The type of thriller I enjoy most are those set in WW2 with secret agents trying to outwit the Gestapo. Often these are based on real life men and women, which makes them even more thrilling.

I can't help but have admiration for these people who were incredibly brave in facing terrible dangers, not jet from the Gestapo but also from the citizens of the occupied countries who were forced to collaborate.


----------



## Scribejohn (Jul 2, 2011)

TiffanyLovering said:


> When I read a thriller I like vivid descriptions that help you really feel the tension of the book. These are the types of books that I want to know exactly what the characters are seeing in detail so I can really picture it and be right there with them.

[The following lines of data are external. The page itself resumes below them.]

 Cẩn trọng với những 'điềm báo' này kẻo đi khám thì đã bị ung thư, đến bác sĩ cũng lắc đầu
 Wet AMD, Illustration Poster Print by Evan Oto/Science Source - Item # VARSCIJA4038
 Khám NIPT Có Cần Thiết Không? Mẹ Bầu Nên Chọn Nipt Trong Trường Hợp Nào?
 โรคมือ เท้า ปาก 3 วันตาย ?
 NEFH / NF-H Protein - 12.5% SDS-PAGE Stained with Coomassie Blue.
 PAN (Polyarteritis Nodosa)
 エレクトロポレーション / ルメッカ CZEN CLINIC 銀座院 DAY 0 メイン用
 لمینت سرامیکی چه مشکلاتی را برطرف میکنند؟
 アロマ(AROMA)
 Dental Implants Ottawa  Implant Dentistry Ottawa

I agree. It's very important to get the reader 'into the moment', so they are actually right alongside the main characters as events unfold.

I suppose part of that comes under the 'show don't tell' umbrella.


----------



## Alexandra Sokoloff (Sep 21, 2009)

I was eyeing that book of of yours, Jeff.  I've done a lot of that research myself, all the usual, Douglas, Ressler, Dietz, McCrary. And to me the reality is much more horrific than the ways serial killer writers (and shows like Criminal Minds) try to embellish it.


----------



## JenniferBecton (Oct 21, 2010)

Alexandra Sokoloff said:


> Personally I am sick to death of the "poetic" or "artistic" serial killer, artfully arranging corpses or playing mind games with the detective.


I'm so glad I'm not the only one! I've always thought that a stupid, desperate criminal was just as scary as an evil genius. Stupid is unpredictable; an evil genius at least functions based on some kind of logic.



JeffMariotte said:


> I recently wrote a nonfiction book about all the criminals mentioned in the first 5 seasons of the TV series Criminal Minds (an officially licensed tie-in to the show), and the criminals who were not mentioned but whose crimes inspired the episodes. Having done a ton of research into real killers and predators, I can unequivocally say that most real criminals are dumber than dirt. In many cases their parentage was so awful that even if their mental capacities weren't lacking, they still wouldn't have had a chance at a real life. Nobody wants to read about intellectually and morally defective morons all the time, either, but that's a much more realistic portrayal.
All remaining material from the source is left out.